Information Underload 101

This is about the 100th article by Ben Wear about the cost of the Capital Metro Commuter Rail Line. Sure it's something citizens want to hear about, but in a more intelligent world, he would be asking questions about how the system is only going to have a few runs a day and the technical details of what would fix that or how it got to this point that anything even needed to be fixed. You know, information that would keep something disappointing like that from happening again. Or possibly how light rail downtown could possibly realign development in Austin or even how there are a billion different ways to fund transit lines with innovative ideas. But no, Austin is stuck with yet another article about the cost of the line.

As you all know, I'm not a reporter. But if I were to write a column on transportation, I would probably educate myself about what the best practices are around the country and fill my feed reader with every single piece of transportation information I can to inform my writing. I try to do that anyway but I don't get paid to write and I don't have a whole city to inform. But newspapers wonder why they are losing readers and market share to other sources and I would say its because the information they give is just too basic, especially on issues such as transportation.
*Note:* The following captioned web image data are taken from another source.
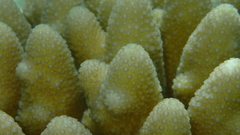 Acropora monticulosa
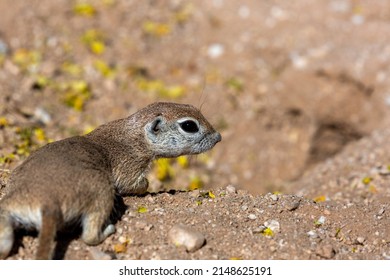 A Cute Round Tailed Ground Squirrel, Xerospermophilus Tereticaudus, An Adult Pregnant Female With Yellow Palo Verde Tree Blossoms On The Ground. Wildlife Of The Southwest, Tucson Arizona, USA.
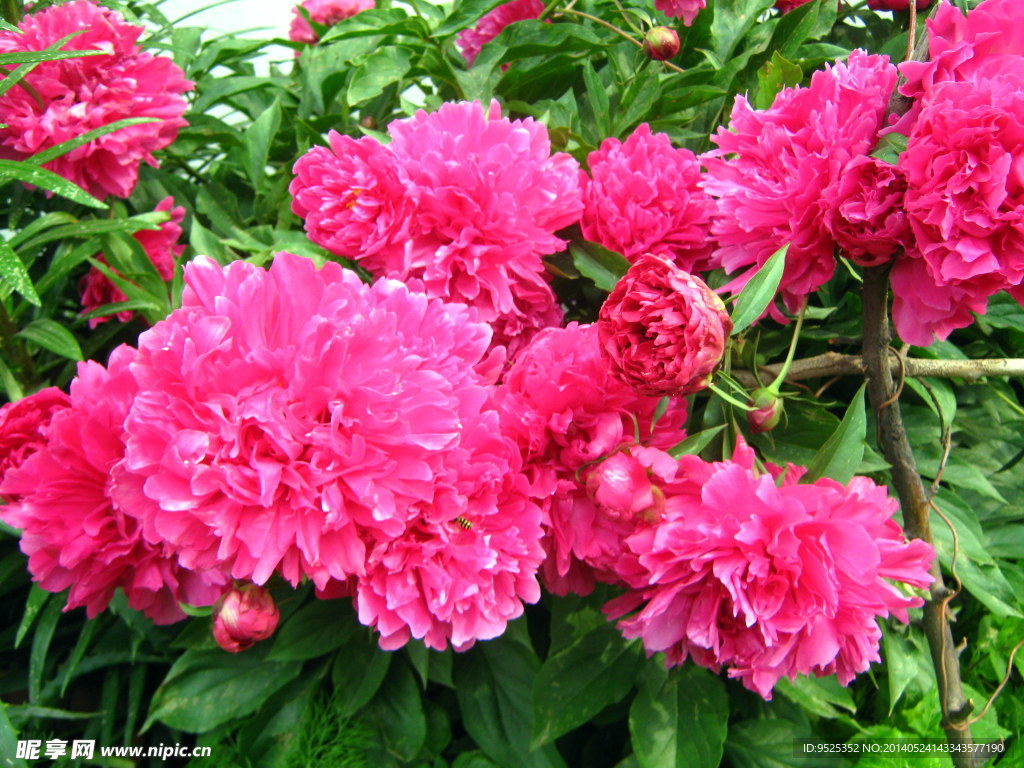 芍药花
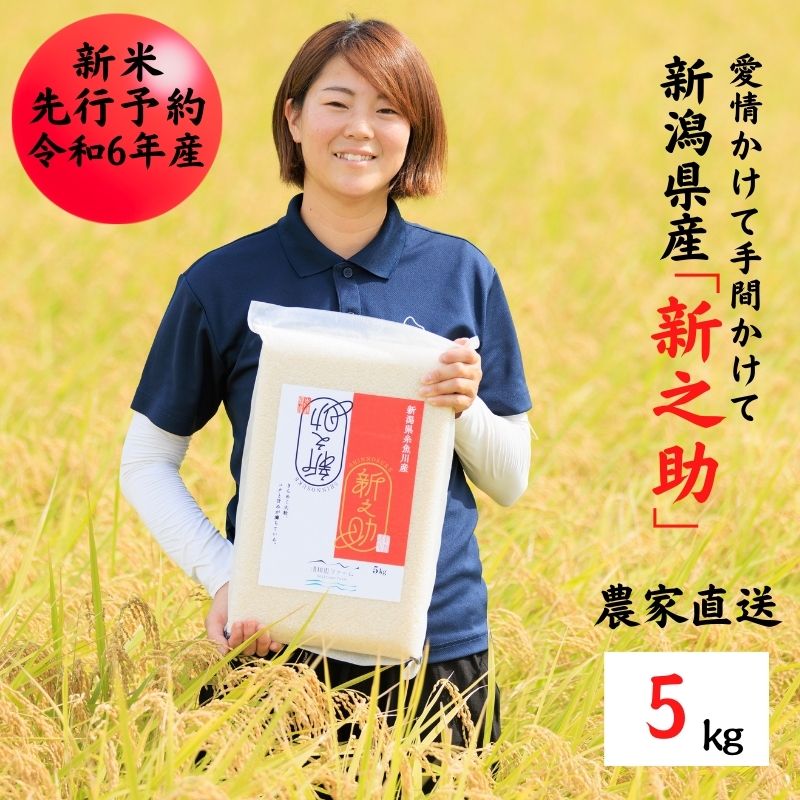 【ふるさと納税】米 新米【令和6年産 新米先行予約】新之助 5kg 新潟県産 農家直送 真空パック 令和6年産 糸魚川 清耕園ファーム 美味しい 農家自慢 お米 白米 おにぎり お弁当 大粒 ツヤ 甘み 深い味わい 粘り 弾力のサムネイル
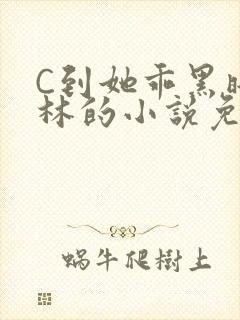 C到她乖黑暗森林的小说免费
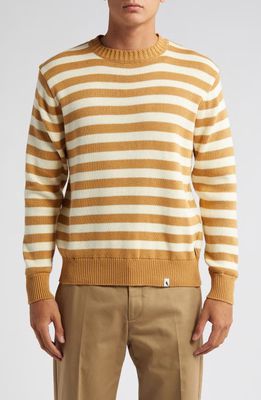 PEREGRINE Richmond Stripe Organic Cotton Sweater in Amber/White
While blog commentary will never take the place of reporting, they are creating an elevated discussion about niche issues such as transit and development. As I was discussing with a colleague the other day, if we were relating blogs to college courses, newspapers are often the intro courses and blogs the upper level electives. Feel free to look at the course schedule.
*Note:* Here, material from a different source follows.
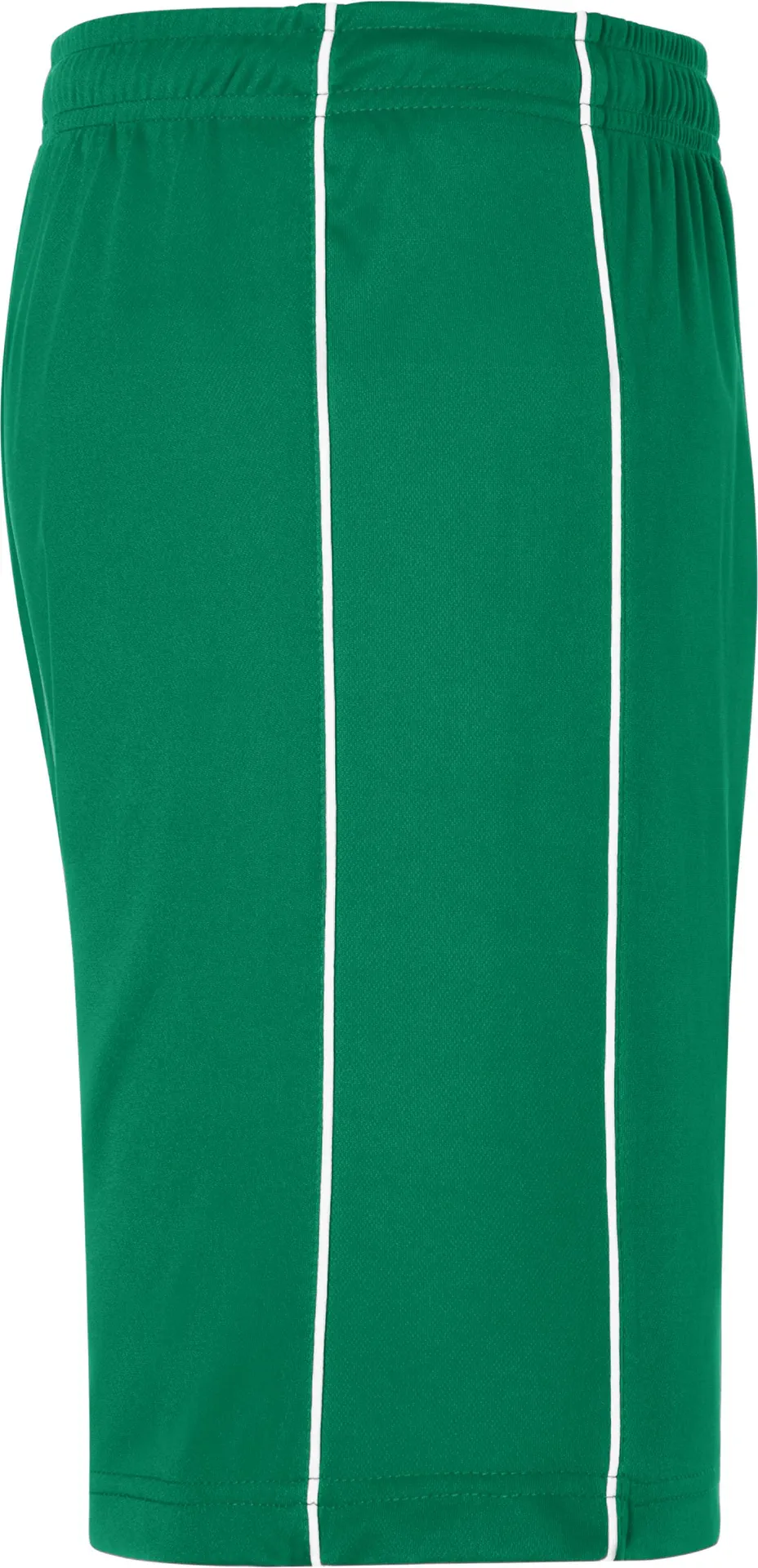 James & Nicholson Basic Team Shorts (387)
Update 1.30.09: David has more on newspaper issues including simple things they can do like linking out.

Thursday, January 15, 2009

Change in Overhead Wire Comments Policy

Hey all, its not a big change but I got 100 spam comments last night and I think my laptop got taken over by a virus. I'll probably have to wipe it clean and start over but for now any comment on a post older than 5 days will be moderated. That still means recent hot topics will show up right when you post. I don't want to moderate really, but this is the best way I could under blogger without reverting to open access that seemed to not let certain folks post before. Hope this works for everyone.

Friday, January 2, 2009

Before Transit

In my previous life I was a runner. Many people that didn't know me before I moved to California ask what I was like before transit took over as my thing, since I spend so much time blogging about it and thinking about it. Well, there are a few descriptions I could use to explain, but to the non-runner its hard to understand or perhaps even believe. I often get confused looks.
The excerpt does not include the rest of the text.